Q. The events of the past year make your book especially timely. Is that just a coincidence?

A. Yes and no. I have been tracking Pew Research and other such groups, which have been monitoring these divisive trends for decades. In fact, I gave a TEDx talk on this in 2012. However, after the past few years—which brought more extreme politicization of the media, unchecked vitriolic discourse on social media, foreign interference in our elections, the Trump administration’s weaponization of fear and division, an increase in the awareness of racialized violence in policing, and the rapid spike in hate groups across the country—we have arrived at our current state of emergency. Clearly, we need solutions.

Q. What’s the best book you ever received as a gift, and why?

A. One of the most influential books I have ever read is Nelson Mandela’s Long Walk to Freedom (which, I believe, was given to me as a gift by my spouse, Leah). It is an extraordinary personal account of Mandela’s life from a young child in his village through to the presidency of South Africa. He first wrote it on toilet paper during his 27-year imprisonment on Robben Island off Cape Town, and buried it in the grounds outside his cell, but it was eventually discovered and destroyed. So he wrote it again once he was freed.

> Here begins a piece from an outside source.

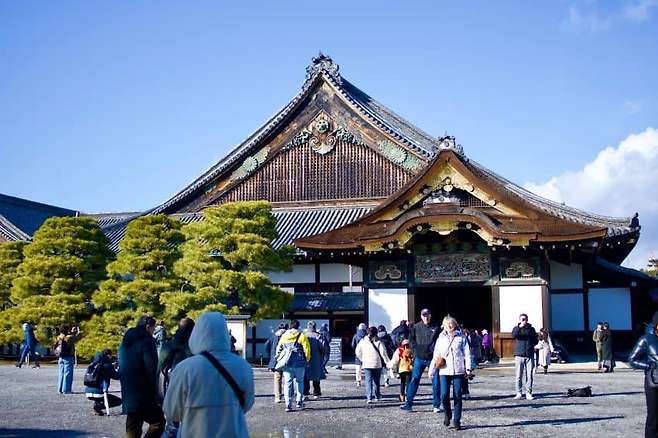 7a9e8473bdf11bf7239af093359c701c427b6768bacfa4670e5b7f59f7e4f4f998cce1b206ef47b38d279323ac90981a175c20fbec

The book is a harrowing but fascinating story of life under apartheid, and of Mandela’s adaptive capacities to use every means at his disposal—the decency, compassion, and respectfulness that was modeled for him by his family; his ferocious training as a litigator and a boxer; his deep knowledge of nonviolent resistance as well as the ancient Chinese military treatise, The Art of War; and his exceptional political acumen. He helped steer his country out of the depths of apartheid and closer to his vision of South Africa as a thriving democratic, multicultural nation.

Q. What are your summer plans?

A. To work, rest, and celebrate (if possible). I have various book-launch events, panels, and media interviews scheduled through July. My daughter is getting married (a very small, COVID-friendly ceremony) in June. I then hope/plan to take much of August off to recover and repair from this year, unless we continue to see the egregious parade of hate crimes or police violence, in which case I will take to the streets with others and march.

Also, I am currently starting work on two new books—one featuring insights gleaned from our research on sustainably peaceful societies, and the other on our studies of more adaptive forms of conflict mediation.

Q. You're hosting a dinner party. Which three academics or scholars, dead or alive, would you invite, and why?

A. A tough question. Today, I’d be inclined to invite James Baldwin, bell hooks, and Ta-Nehisi Coates, as they are some of the most original, clear-eyed thought leaders on our racialized nation. I would also love to ask Dave Chappelle and Maya Angelou for dessert.